Dataset content:

+ + + +

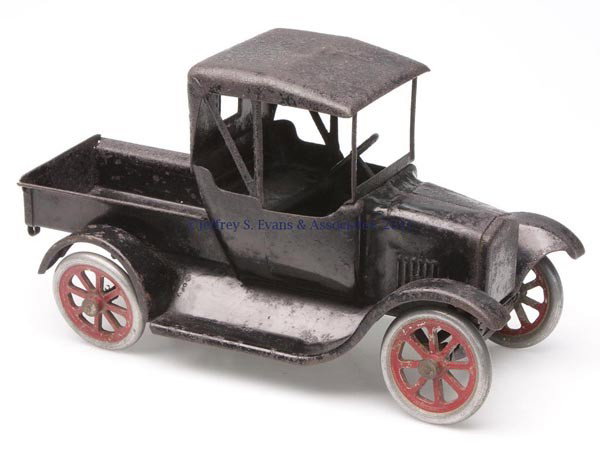 BUDDY "L" PRESSED STEEL TOY TRUCK: BUDDY "L" PRESSED STEEL TOY TRUCK metal wheels and tires with operable steering wheel, stationary bed with drop-down tailgate, original black paint and traces of underside label. Second quarter 20th c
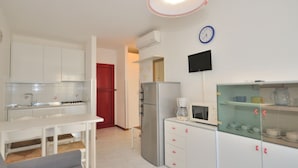 Una cocina compacta con armarios blancos, una puerta roja, una cafetera, un microondas y un reloj en la pared.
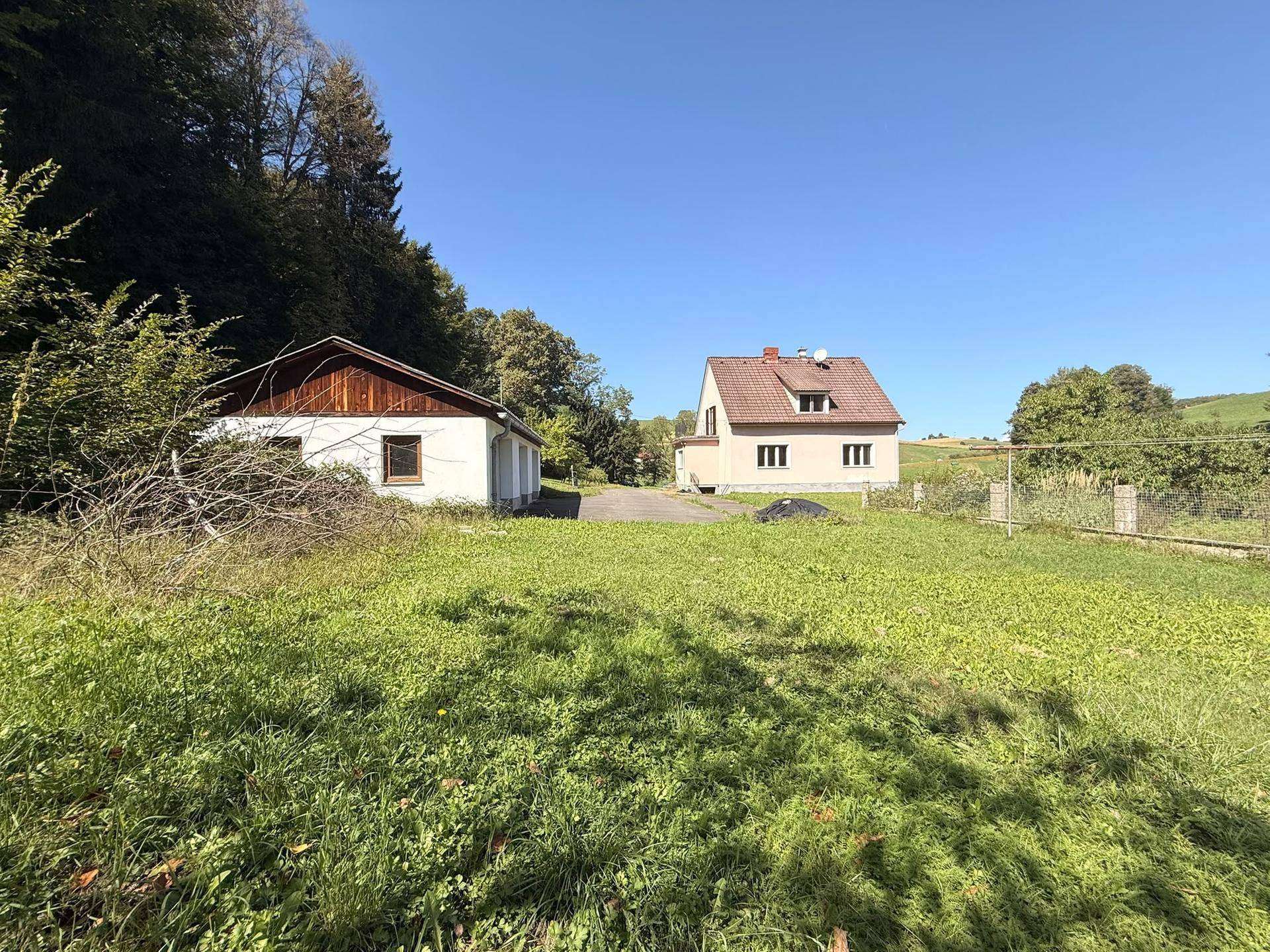 Weitläufiges Grundstück mit Einfamilienhaus und Nebengebäude, umgeben von grünen Wiesen.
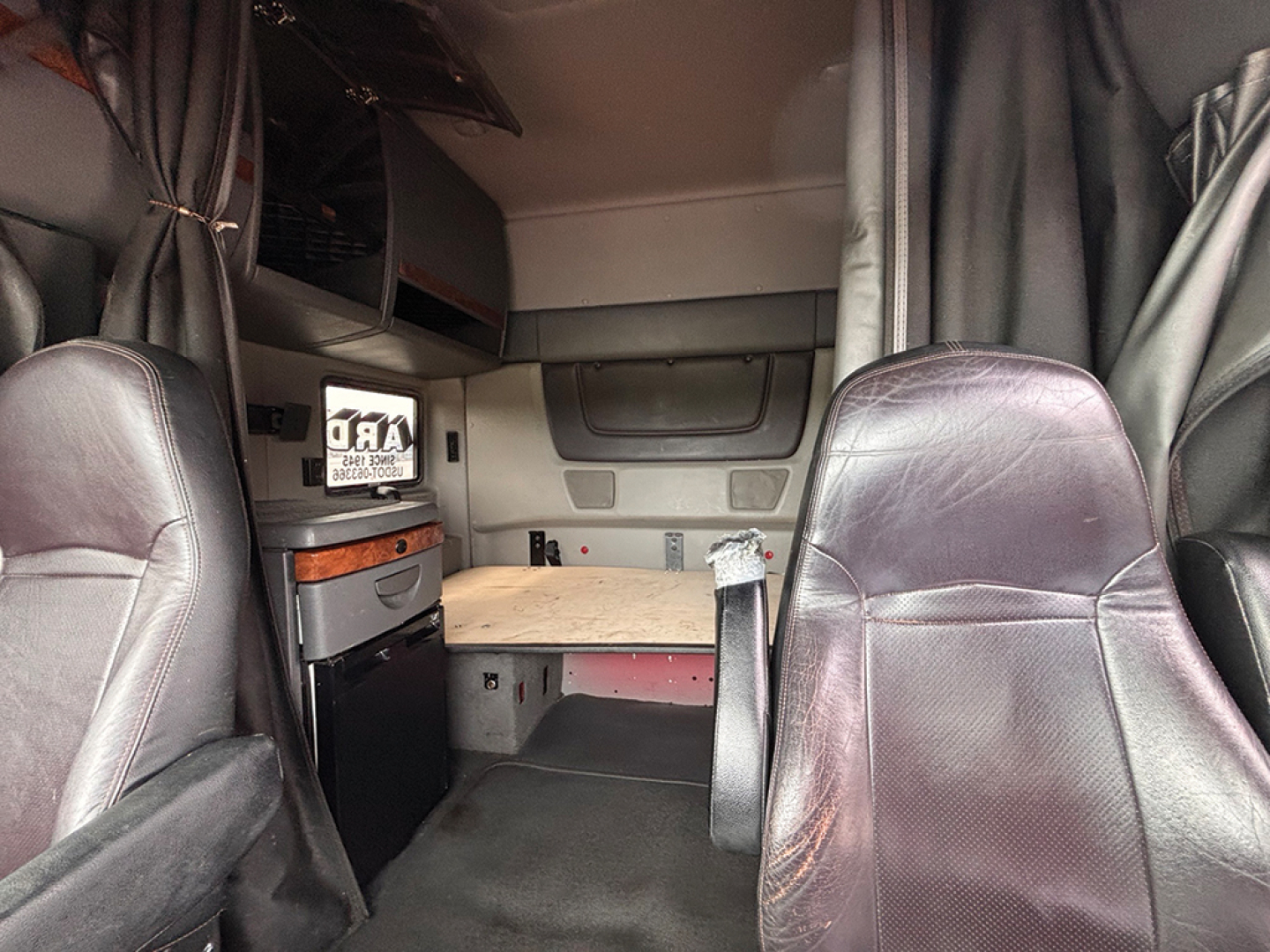 Interior cab view of a 2020 International LT625 sleeper. Visible features include a sleeper bed area, overhead cabinets, wood desk surface, and leather seats.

+ + + +

What you are asked to do: Please write out all the data again word for word, but not the pictures.

Task result:
 BUDDY "L" PRESSED STEEL TOY TRUCK: BUDDY "L" PRESSED STEEL TOY TRUCK metal wheels and tires with operable steering wheel, stationary bed with drop-down tailgate, original black paint and traces of underside label. Second quarter 20th c
 Una cocina compacta con armarios blancos, una puerta roja, una cafetera, un microondas y un reloj en la pared.
 Weitläufiges Grundstück mit Einfamilienhaus und Nebengebäude, umgeben von grünen Wiesen.
 Interior cab view of a 2020 International LT625 sleeper. Visible features include a sleeper bed area, overhead cabinets, wood desk surface, and leather seats.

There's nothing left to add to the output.